*** Records for this exercise ***
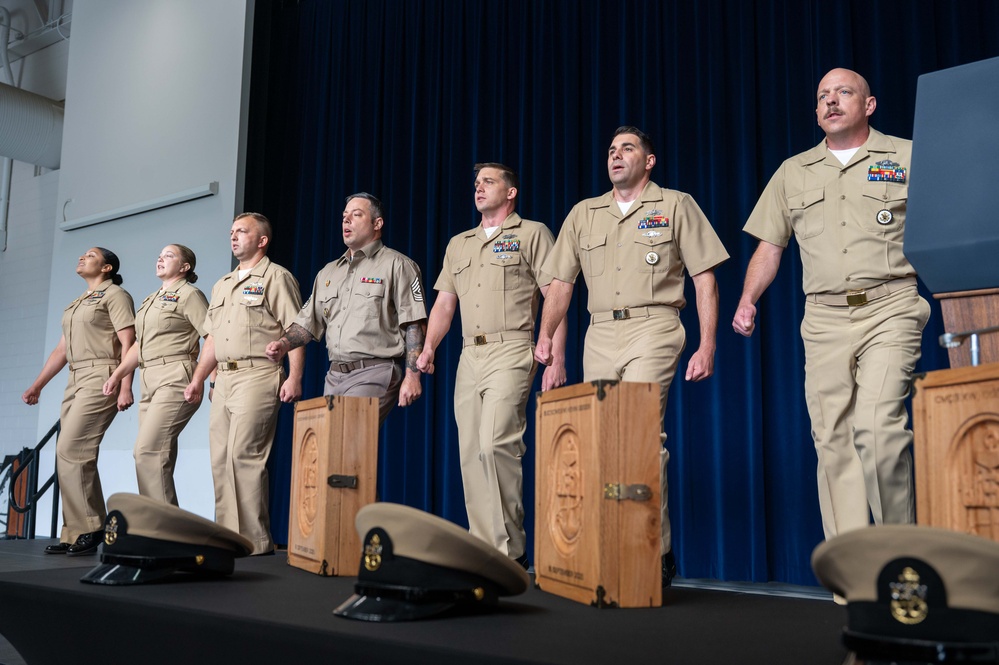 New Chief Petty Officers Pinned at Naval Support Facility Thurmont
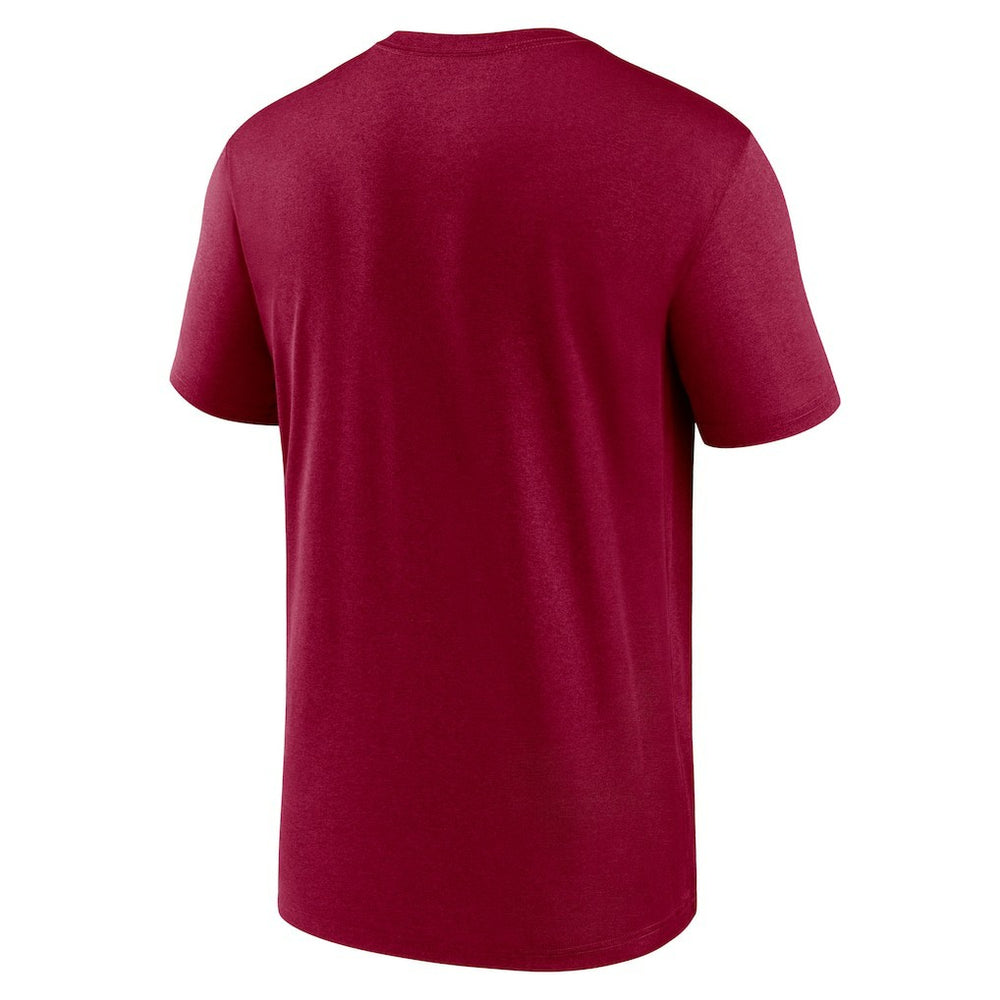 Washington Commanders Legend Wordmark Performance T-Shirt - Burgundy on sale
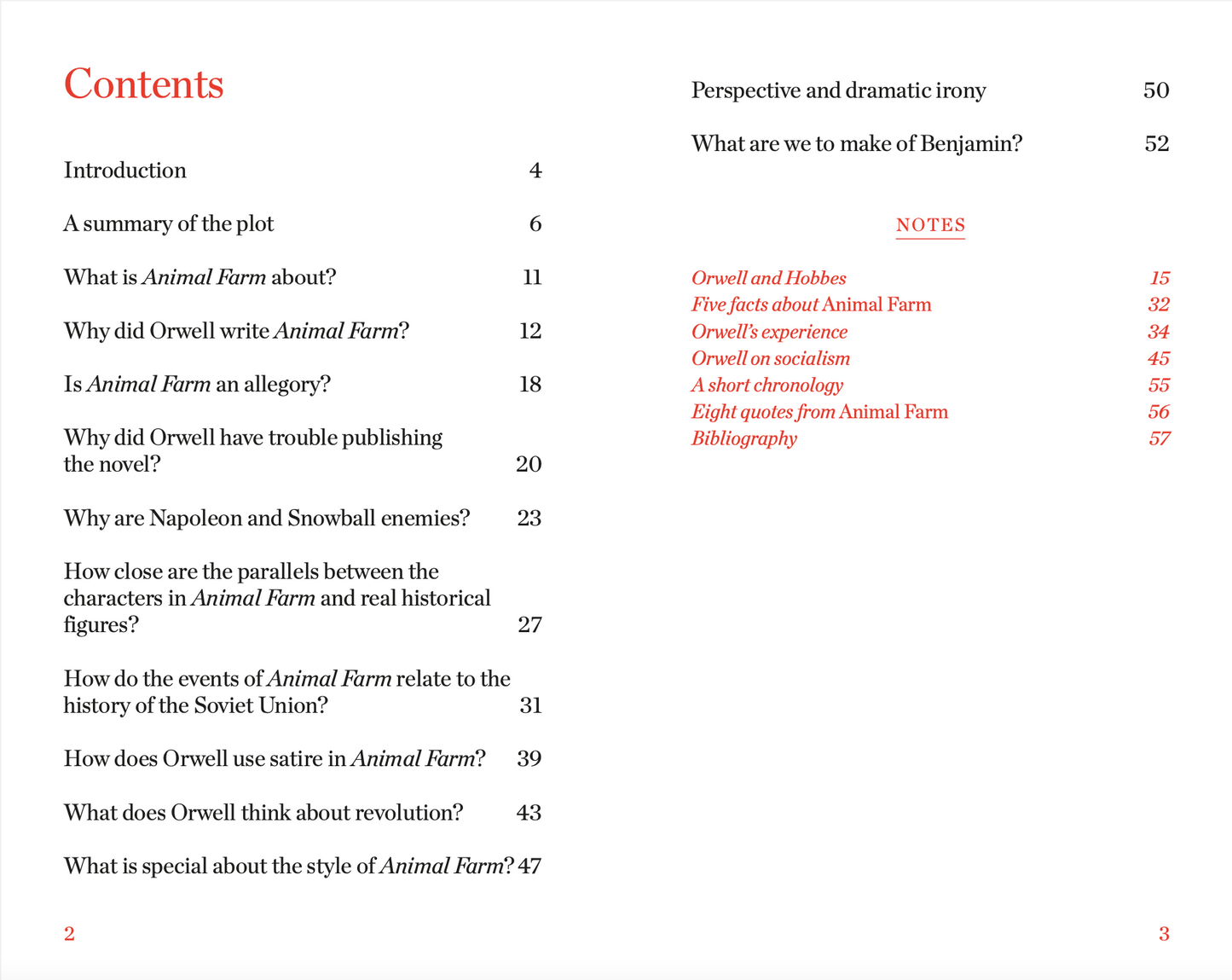 The Day x Connell Guides - The Connell Guide to George Orwell's Animal Farm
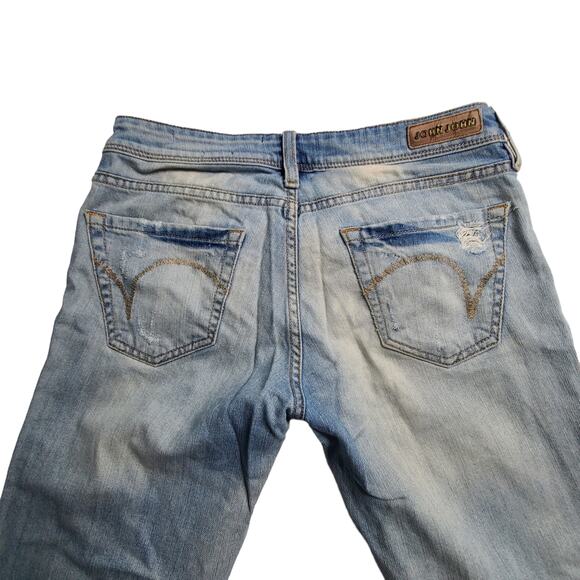 John John Distressed Bootcut Mid Rise Blue Brazilian Jeans US 8 Waist 28  2030 - Picture 3 of 9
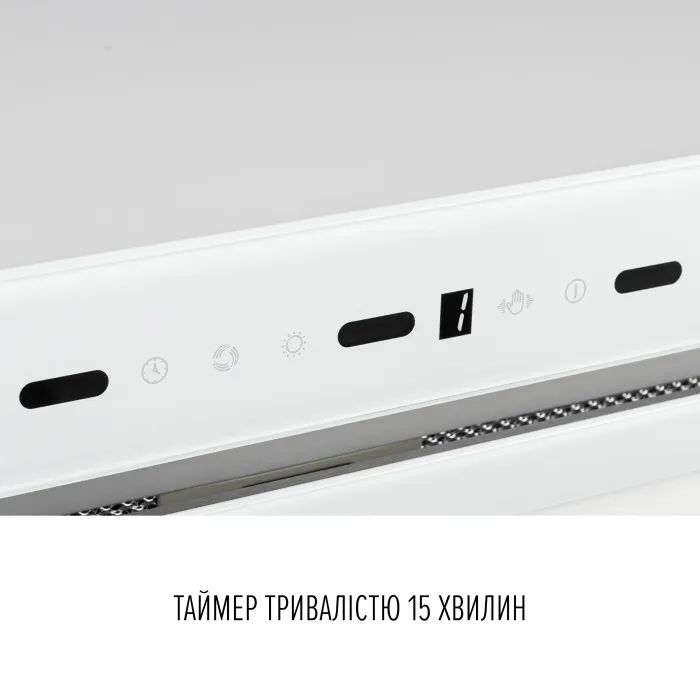 Витяжка кухонна Perfelli DESIGN VISION 9 BIANCO SILENZIO зображення 6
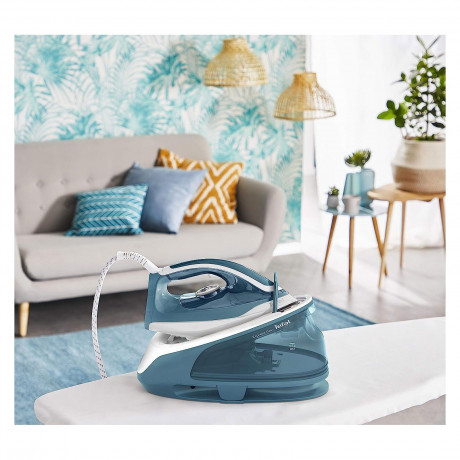 Tefal Tefal Dampfbugelstation SV6131, Kraftvoller Dampfstoss, 5,8 Bar Pumpendruck Паровая гладильная станция Tefal SV6131, мощный паровой удар, давление помпы 5,8 бар.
*** End of Records for this exercise ***
▶ Prompt:
Find the line with "Витяжка кухонна Perfelli". Return it and each line after it through the end of the data, exactly, without pictures.

▶ Reply:
 Витяжка кухонна Perfelli DESIGN VISION 9 BIANCO SILENZIO зображення 6
 Tefal Tefal Dampfbugelstation SV6131, Kraftvoller Dampfstoss, 5,8 Bar Pumpendruck Паровая гладильная станция Tefal SV6131, мощный паровой удар, давление помпы 5,8 бар.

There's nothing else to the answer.